Reviews on Holy Communion:


Provocative, powerful, insightful, incisive. So much experienced by so many beneath that religious surface! I loved the way the children and their adults during the whole Communion debacle were this squirming uncontrollable human mass of energy, tension and rebellion!

-- Maria Pallotta-Chiarolli, co-winner of the Lambda Award, Victoria, Australia.
http://members.ozemail.com.au/~chiar/mariabooks.htm


Initially I couldn't continue reading this unrelentingly grim book past page 70. I wanted to kill the kid just to put him out of my misery. It brought to the surface many issues I dealt with in my fifties, and I had to take a break.

It ended up as I hoped it would, for which I was grateful! In the context of the boy's hellish life, he triumphs in the only way possible, by confronting the truth and moving forward from there. The quality of writing actually soars near the end, when the boy comes to grip with reality, and is quite superior — literature actually. It's a tougher, bloodier version of "Catcher in the Rye."

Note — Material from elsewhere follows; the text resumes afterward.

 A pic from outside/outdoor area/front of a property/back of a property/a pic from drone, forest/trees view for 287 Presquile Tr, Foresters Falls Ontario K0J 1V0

-- Robert Bahr, Editor and Publisher, Factor Press


What an extraordinary story! I was so involved with the little boy that at times it was very hard to read, but I couldn't put it down. His point of view was very poignant and had me in tears more than a few times. Mykola Dementiuk really captured the time, too. Historical without lots of clumsy references, just pure description and dialogue to deftly paint a portrait. Mick has a wonderful voice that is unafraid to get into the gritty and the seedy. He knows how to push the envelope and force readers to look at things they don't want to. I have never read anything quite like this before. In my mind's eye, I felt like I was reading a graphic novel told in black and white where the nuns, all the adults, really, were shadowy monsters looming over the poor boy.

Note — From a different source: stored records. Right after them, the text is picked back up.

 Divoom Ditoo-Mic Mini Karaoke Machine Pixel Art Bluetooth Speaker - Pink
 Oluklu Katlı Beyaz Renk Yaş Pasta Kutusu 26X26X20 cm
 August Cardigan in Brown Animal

Thank you so much for the opportunity to read this. I love books that really make me think, that make me uncomfortable and push my sensibilities to the limit. Mykola is an artist with the written word to be sure. I look forward to reading more of his stuff in future so I'll be keeping an eye out for his books.

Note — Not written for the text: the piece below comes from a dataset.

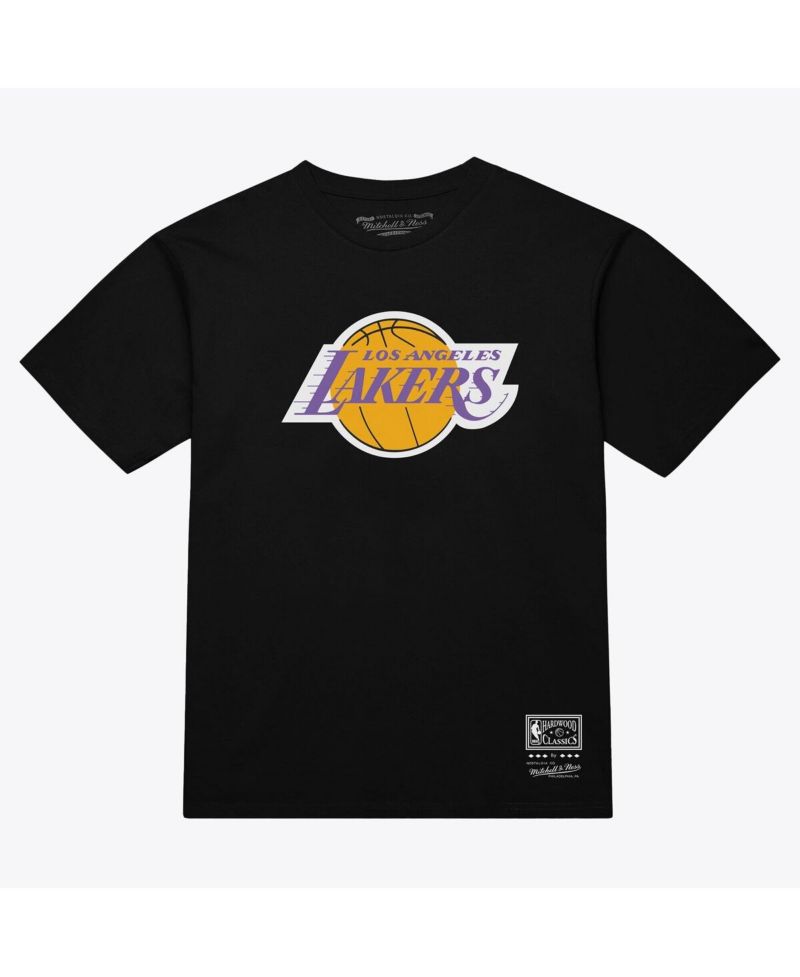Men's and Women's Black Los Angeles Lakers Hardwood Classics Arch T-Shirt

-- Melissa Bradley, www.myspace.com/melbwrites


Very seldom does a book touch the reader to the extent as that of Holy Communion. Author Mykola Dementiuk takes his audience into the world of a seven-year-old boy’s first Holy Communion in the Catholic Church, and we get to spend the exciting four days of this event with him as we wend our way through a story that is as gripping as it is original. During the time spent preparing for his first communion, the boy in question has to overcome obstacles such as the alcoholism of his father, a nasty accident that befalls his mother, downright mean nuns are in the mix, as are a couple of pedophiles, and babysitters from hell! Throughout all the boy finds his way to cope as he emerges triumphant from these trials not only to receive his communion but also to rise above the problems life has thrown his way. Dementiuk has created a true little masterpiece that is a slice of one boy’s life in the confines of Holy Communion, injected it with his own observations of the world, without becoming preachy or self serving in the process. Recommended reading.
Grade: A+

-- Web Digest Weekly, www.webdigestweekly.com
 


Those who read purely for pleasure, who look upon books as similar to opening a window on a pleasant Spring day, will not be likely to read Mykola Dementiuk’s starkly overcast “Holy Communion” (Synergy Press, 2009). Those, however, who see books as a way to explore all aspects of human nature and the human soul may find exactly what they are looking for within the pages of this far-from-the-mainstream tale. It follows one nameless seven-year-old boy—there is not a single proper name in the entire book—in the seven days leading up to his first communion. The dark and underlying irony of the book is that this emotionally and physically battered young soul should have no need for communion: he’s already lived his entire short life in purgatory. To read it is rather like peeling an onion; removing one layer reveals another.

It may never be made into a musical, but it does sing a complex song to those willing to hear it.